The US Treasury’s Office of Foreign Assets Control (OFAC) sanctioned two UK-registered cryptocurrency exchanges, Zedcex Exchange Ltd. and Zedxion Exchange Ltd., accusing them of facilitating Iran’s financial networks and moving large volumes of crypto tied to IRGC-linked actors. OFAC says Zedcex processed more than $94 billion in transactions since its 2022 registration and that Zedxion previously listed Iranian businessman Babak Morteza Zanjani as a director. This marks the first time OFAC has designated digital-asset trading platforms under its Iran sanctions program. The action also targets Iranian officials, including Interior Minister Eskandar Momeni Kalagari, and alleges networks used crypto (notably USDT) to support the rial and evade sanctions. Treasury officials added seven TRON addresses tied to IRGC-linked wallets identified by Israeli authorities. Traders and crypto firms should expect heightened compliance risk: stronger KYC enforcement, enhanced transaction monitoring, potential delisting or frozen on‑chain flows, and amplified scrutiny of platforms and wallets interacting with sanctioned actors. Monitor liquidity and USDT/USDT-pair volumes on affected rails and prepare for short-term volatility in tokens and exchanges exposed to the flagged addresses.
Bearish
The designation is likely bearish for the tokens and platforms directly tied to the flagged addresses and rails. OFAC’s first-ever exchange designation under the Iran program increases regulatory and compliance risk across trading venues that interact with the implicated exchanges or the highlighted TRON addresses. Short-term impacts: expect liquidity withdrawal, trading halts or delistings for tokens and pairs exposed to the sanctioned flows (notably USDT pairs on affected rails), and heightened volatility as counterparties on centralized and decentralized venues reroute or freeze funds. Market makers may widen spreads; OTC desks may impose stricter due diligence.
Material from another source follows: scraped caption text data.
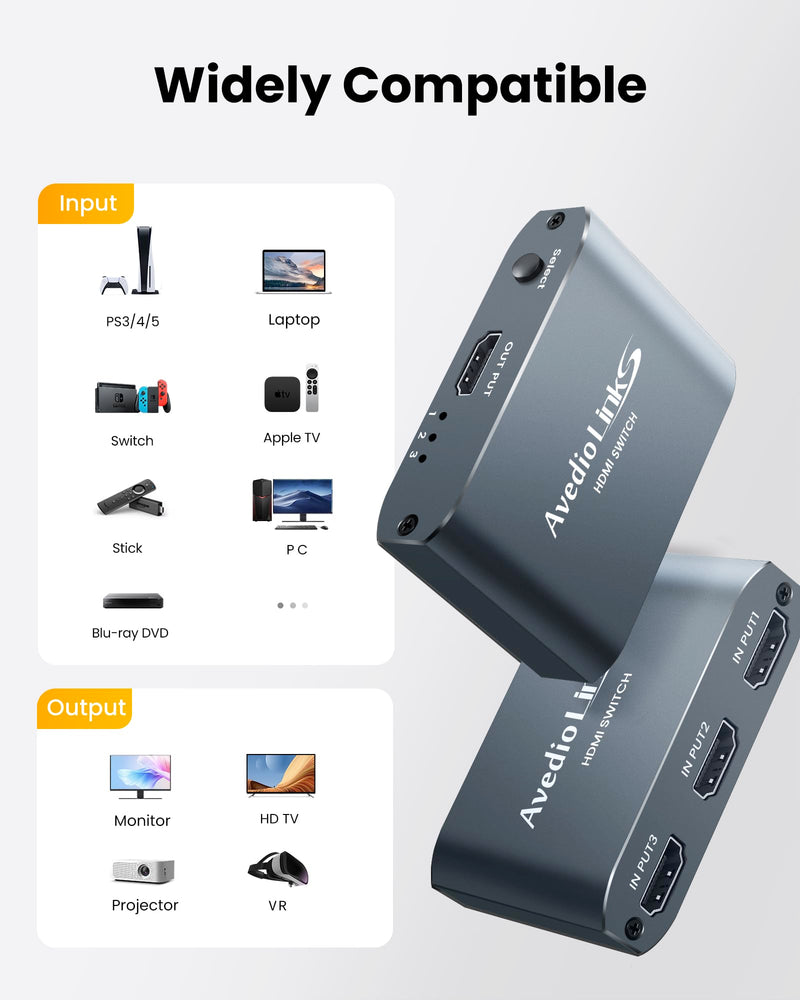 [AUSTRALIA] - HDMI Switch 3 in 1 Out 4K@60Hz Aluminum Alloy【with 4FT HDMI 2.0 Cable】, avedio links 3x1 HDMI Multi Port Switch, 3 Way HDMI Selector Switcher Support HDCP 2.2, HDR 10, for Fire TV Stick, PS5, PS4 Aluminum Alloy 4K@60Hz 3x1 Grey 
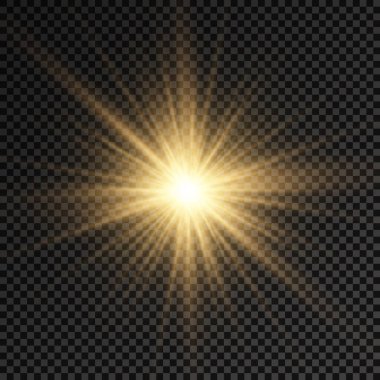 Parlak ışık yıldızı, sarı güneş ışınları.
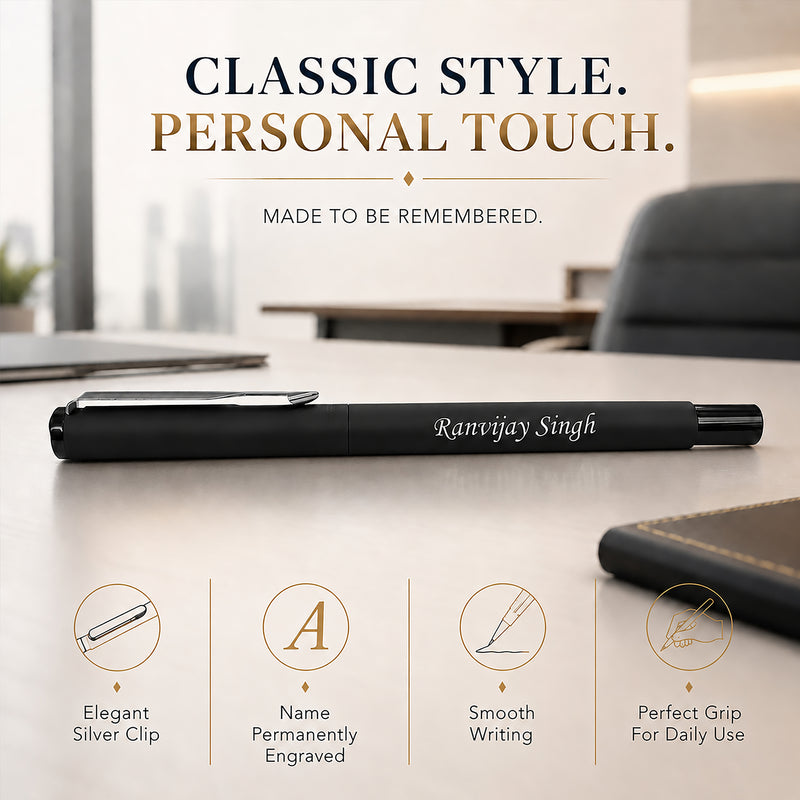 Customized Parker  Matte Black Fountain Pen with Silver Clip | Premium Personalized Gift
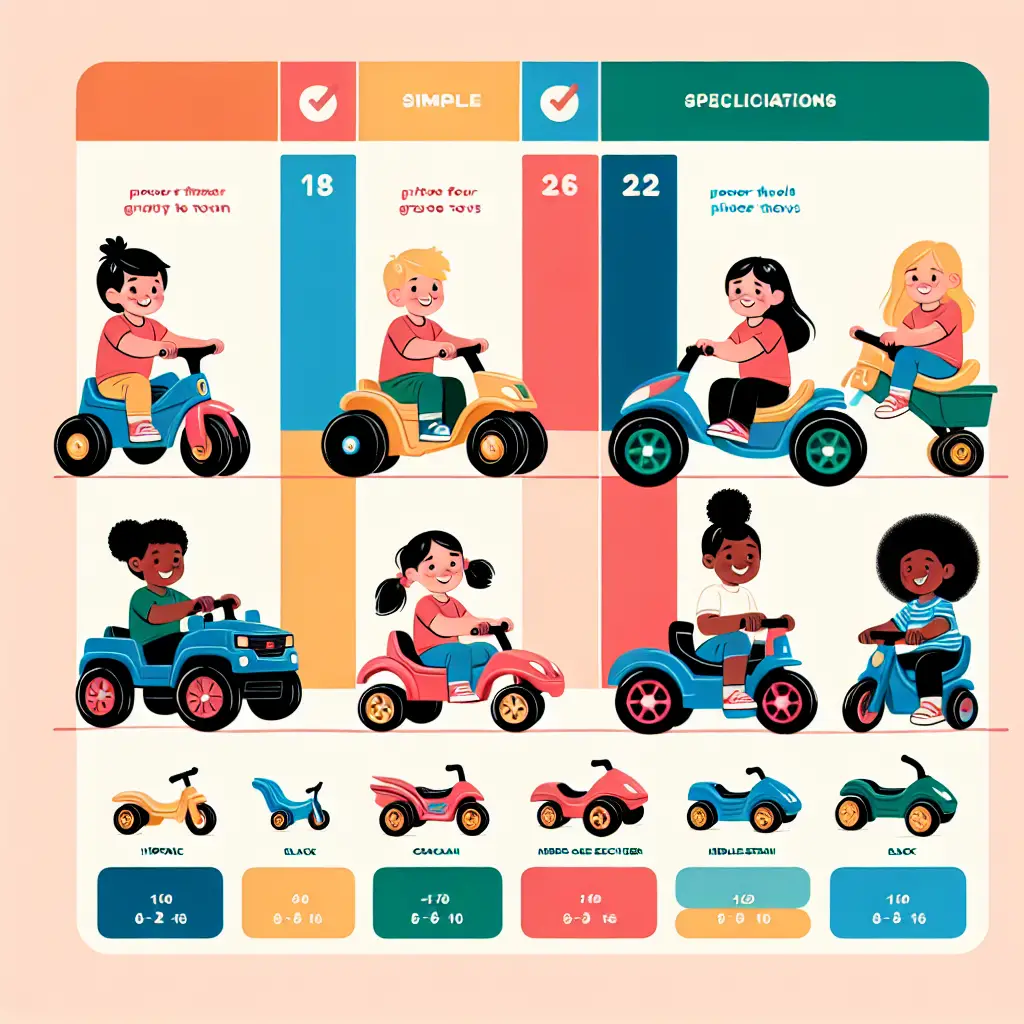 A creative and imaginative artistic rendering depicting What age range for kids on power wheels? How to choose the correct ride for your kids age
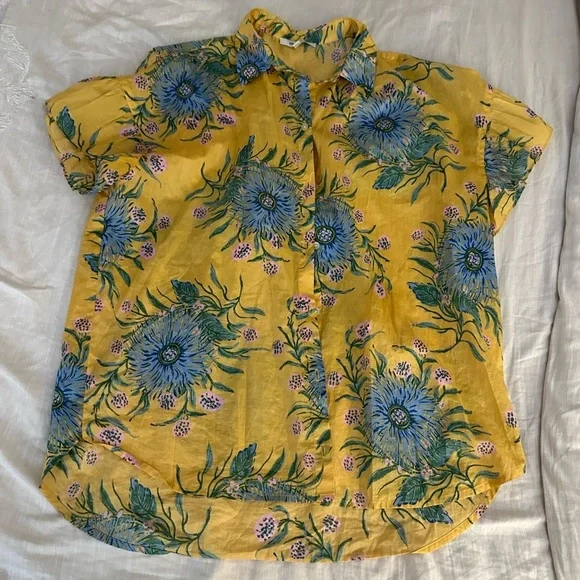 Madewell Ruffle-Sleeve Button-Down Shirt in Painted Blooms - Picture 8 of 8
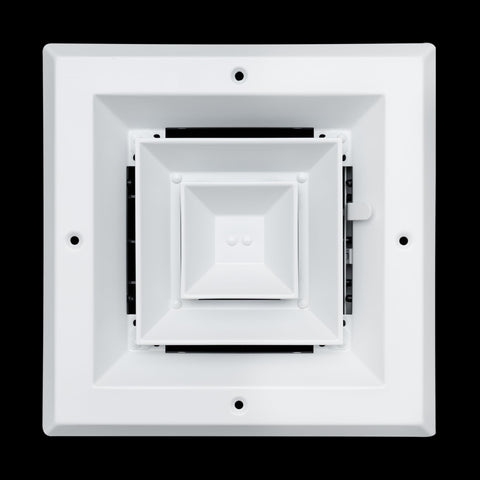 Fits 6x6 Duct Opening 4 WAY Aluminum Square Ceiling Diffuser | Register Vent Cover Grille for Ceiling | Rust Proof | White | Outer Dimensions: 7.75" X 7.75"
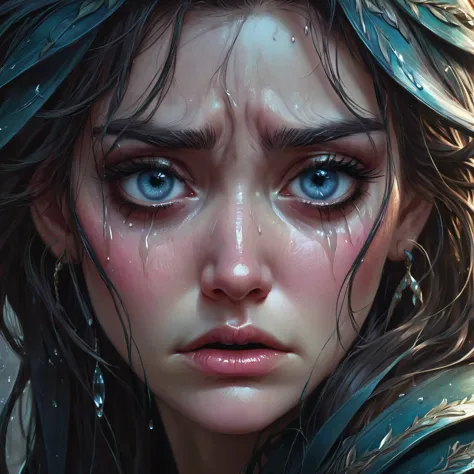 crying, aesthetic, extremely detailed, Crying eyes, Swynnarchild, dark fantasy, portrait, highly detailed, digital painting, con...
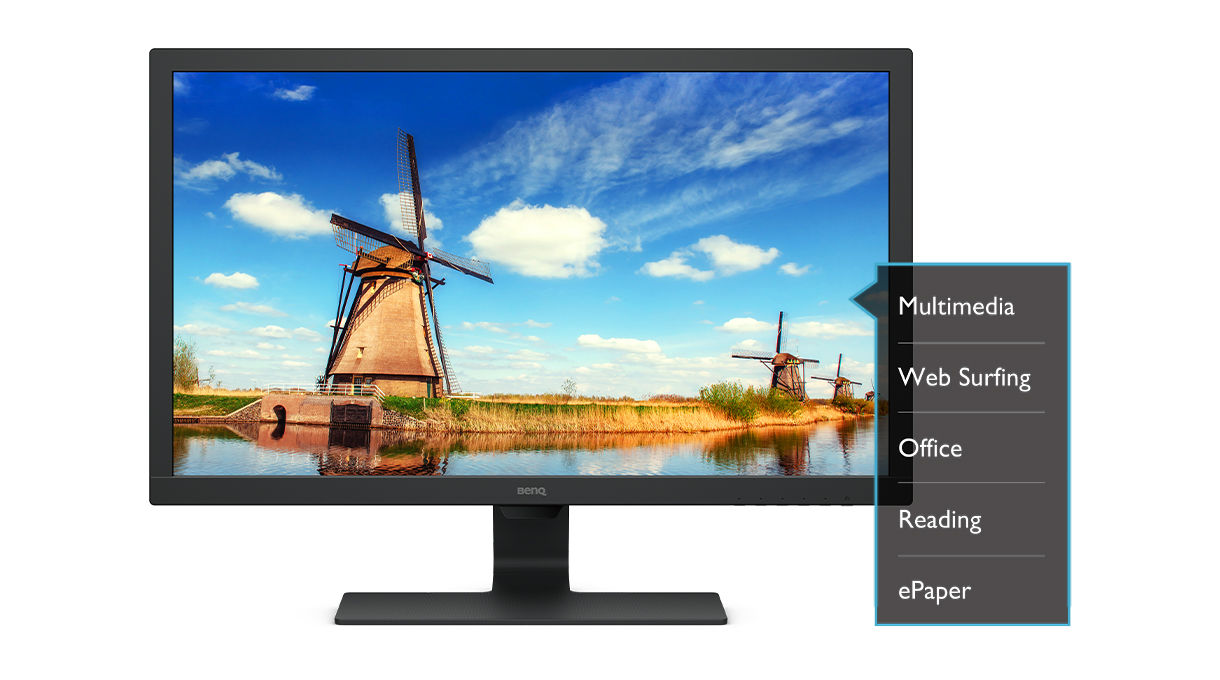 Die BenQ GL2780 Low Blue Light-Technologie filtert gefährliches blaues Licht heraus und reduziert so Ermüdung und Reizung der Augen.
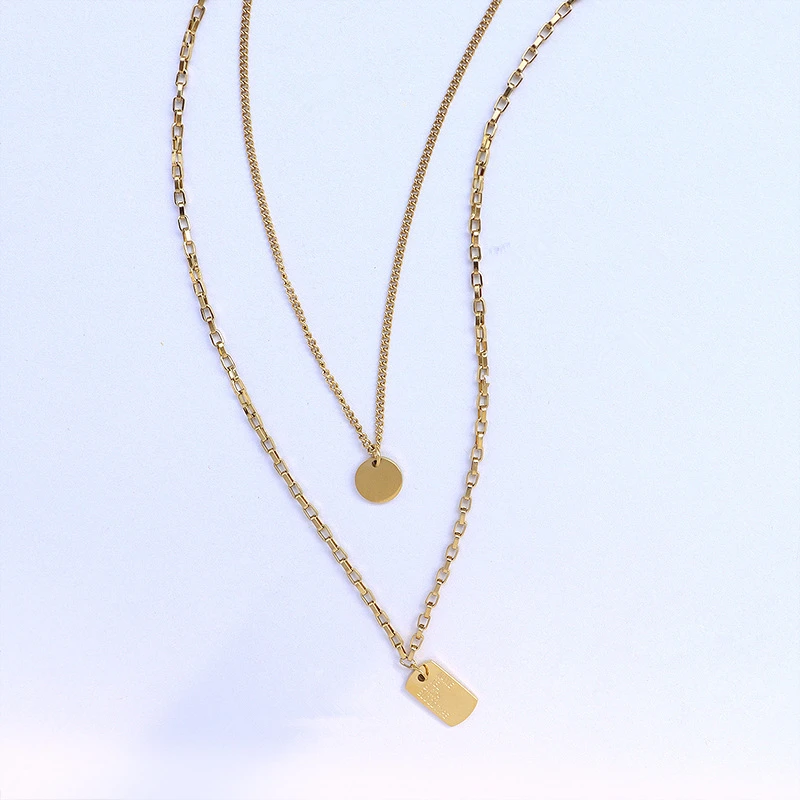 

SODROV Stainless Steel Jewelry English Double Layered Square Brand Pendant Necklace Women's Fashion Clavicle Chain BSP827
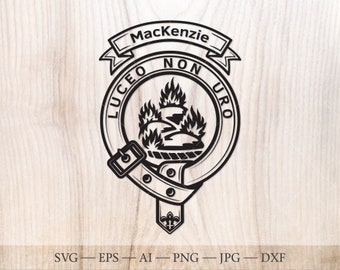 MacKenzie crest badge SVG, Scottish clan svg, Family crest svg. Coat of arms svg. Heraldic scottish belt with buckle SVG. Clan crest svg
Medium-to-long-term impacts: persistent compliance costs, tighter KYC/AML controls, and possible reduction in on‑ramp/off‑ramp capacity for certain corridors could lower liquidity and increase fragmentation in affected markets. However, the broader crypto market may stabilize if firms quickly isolate implicated addresses and exchanges, and no major global settlement or additional systemic exchange designations follow. Overall, the direct price pressure will concentrate on assets and rails linked to the sanctioned entities rather than the entire market.